Dr. Kimberlé Crenshaw, cofounder of the African American Policy Forum, says the community has "fallen out of awareness around this tragedy that's happened to too many Black women" and the growing activism is "the kind of shift that's necessary" in our society to "reverse injustices."
As a vocal activist, she says no matter where she went or what demographic she was speaking to, people would easily recognize the names of the Black men killed by police — Eric Garner, Michael Brown, Tamir Rice — but few would recognize the women and girls who were in the same situations.
"The silence that surrounds the killing of Black women is what we have just witnessed. So what are we going to do to reverse it?" Crenshaw explains. "The saying her name was the creation of that cacophony of sound. We needed to not only say their names, but explode the sound barrier by saying the names that had been erased for so long."
She adds, "We say their names, we bring awareness to the fact that so many of their families experience not just the loss of the daughter, but the loss of the loss.
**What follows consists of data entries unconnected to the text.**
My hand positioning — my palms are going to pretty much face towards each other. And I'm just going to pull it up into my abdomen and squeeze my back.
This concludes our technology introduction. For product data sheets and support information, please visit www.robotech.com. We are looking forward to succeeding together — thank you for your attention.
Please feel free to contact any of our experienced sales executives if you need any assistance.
It's like their killing doesn't mean anything and because it doesn't get reported, there's an additional trauma that the family has to deal with."
Jacopo Raule/Getty; Rachel Murray/Getty Janelle Monáe; Dr. Kimberlé Crenshaw
Proceeds from the song and video and will benefit the AAPF's #SayHerName campaign. The organization creates emergency resources to support the mothers and loved ones of those who have died. The funds will also support the development of art that helps the families tell their story.
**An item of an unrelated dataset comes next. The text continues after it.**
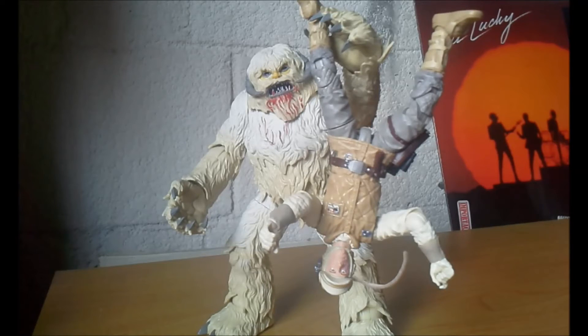Con esta imagen del Wampa doy por terminado mi video. Esta semana se me hizo un poco corta, así que creo que es el único video que meto. Pero no podía dejar pasar esta excelente figura de los primeros packs dobles o de lujo, como antes Hasbro los llamaba, que es este Wampa. También el Tauntaun, que espero próximamente llegue a mis garras, chavos. Pues esto es todo por ahora, espero que la Fuerza esté con ustedes. ¡Saludos!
"We basically try to mend and tend to the spirit and the body, to the trauma and to the possibilities that still lay ahead," Crenshaw tells PEOPLE. "So this song, the tremendous gift that the artists are giving us, will allow us to do more of the work that frankly, a lot of people don't even know needs to be done."
Along with Monáe and Crenshaw, "Say Her Name" also features Beyoncé, Alicia Keys, Chlöe x Halle, Tierra Whack, Isis V., Zoë Kravitz, Brittany Howard, Asiahn, Mj Rodriguez, Jovian Zayne, Angela Rye, Nikole Hannah-Jones, Brittany Packnett Cunningham and Alicia Garza.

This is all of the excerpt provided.